=== EXERCISE AIM ===
Check every line of the material below for "petite". Give the number of lines that have it, and only that.
SOURCE INFORMATION below:
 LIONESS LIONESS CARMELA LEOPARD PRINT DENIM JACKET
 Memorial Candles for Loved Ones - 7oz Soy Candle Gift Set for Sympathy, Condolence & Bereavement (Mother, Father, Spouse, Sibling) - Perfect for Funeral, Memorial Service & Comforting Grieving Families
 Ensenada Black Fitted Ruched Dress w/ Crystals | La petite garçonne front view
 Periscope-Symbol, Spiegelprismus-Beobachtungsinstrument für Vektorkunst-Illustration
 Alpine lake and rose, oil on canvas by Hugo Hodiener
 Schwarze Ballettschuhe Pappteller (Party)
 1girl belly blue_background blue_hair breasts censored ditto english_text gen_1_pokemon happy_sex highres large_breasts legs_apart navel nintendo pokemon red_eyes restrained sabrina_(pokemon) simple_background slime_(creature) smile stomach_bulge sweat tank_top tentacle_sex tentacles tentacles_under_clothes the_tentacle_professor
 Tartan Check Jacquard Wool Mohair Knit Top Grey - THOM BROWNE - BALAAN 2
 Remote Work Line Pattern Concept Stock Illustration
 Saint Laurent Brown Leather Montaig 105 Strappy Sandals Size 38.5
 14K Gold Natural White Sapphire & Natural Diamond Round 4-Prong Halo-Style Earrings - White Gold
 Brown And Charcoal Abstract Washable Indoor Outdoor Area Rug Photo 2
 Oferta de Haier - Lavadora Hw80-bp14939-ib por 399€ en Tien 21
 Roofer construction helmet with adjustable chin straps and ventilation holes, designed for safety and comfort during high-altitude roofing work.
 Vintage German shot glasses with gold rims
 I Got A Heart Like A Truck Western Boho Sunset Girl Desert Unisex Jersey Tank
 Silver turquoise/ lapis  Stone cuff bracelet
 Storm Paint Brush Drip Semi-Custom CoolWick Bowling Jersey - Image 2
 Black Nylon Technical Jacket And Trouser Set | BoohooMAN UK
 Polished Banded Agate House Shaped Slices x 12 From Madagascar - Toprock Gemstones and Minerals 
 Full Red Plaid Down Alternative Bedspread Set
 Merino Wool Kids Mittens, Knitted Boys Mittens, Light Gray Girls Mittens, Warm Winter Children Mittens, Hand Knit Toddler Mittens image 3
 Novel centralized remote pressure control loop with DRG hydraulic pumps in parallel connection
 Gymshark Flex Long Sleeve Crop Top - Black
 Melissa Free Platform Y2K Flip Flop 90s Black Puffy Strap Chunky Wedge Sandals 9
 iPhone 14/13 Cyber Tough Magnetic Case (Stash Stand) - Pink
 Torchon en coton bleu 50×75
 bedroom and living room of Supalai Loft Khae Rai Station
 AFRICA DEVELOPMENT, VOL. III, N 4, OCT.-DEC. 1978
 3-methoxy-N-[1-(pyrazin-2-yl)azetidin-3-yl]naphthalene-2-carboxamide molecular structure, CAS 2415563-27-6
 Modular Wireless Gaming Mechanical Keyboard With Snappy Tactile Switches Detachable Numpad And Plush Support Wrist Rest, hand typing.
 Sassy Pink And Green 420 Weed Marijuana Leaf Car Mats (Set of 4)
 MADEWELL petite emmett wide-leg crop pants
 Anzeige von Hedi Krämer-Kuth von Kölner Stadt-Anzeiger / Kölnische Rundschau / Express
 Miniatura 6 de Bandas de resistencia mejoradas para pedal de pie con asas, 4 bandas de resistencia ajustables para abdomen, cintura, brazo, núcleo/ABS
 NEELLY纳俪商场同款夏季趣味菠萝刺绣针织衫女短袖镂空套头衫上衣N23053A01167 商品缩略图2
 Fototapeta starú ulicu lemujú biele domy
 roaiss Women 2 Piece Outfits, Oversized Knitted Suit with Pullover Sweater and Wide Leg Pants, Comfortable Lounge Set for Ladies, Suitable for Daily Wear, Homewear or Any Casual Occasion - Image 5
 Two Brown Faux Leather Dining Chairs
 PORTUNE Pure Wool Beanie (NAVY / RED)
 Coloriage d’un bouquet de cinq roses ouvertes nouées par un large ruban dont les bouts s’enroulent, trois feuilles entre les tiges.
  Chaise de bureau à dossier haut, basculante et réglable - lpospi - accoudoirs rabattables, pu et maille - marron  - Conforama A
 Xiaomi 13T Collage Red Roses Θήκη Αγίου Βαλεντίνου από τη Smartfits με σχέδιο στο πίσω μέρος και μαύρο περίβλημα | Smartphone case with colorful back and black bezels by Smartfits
End of SOURCE INFORMATION.
=== ANSWER ===
2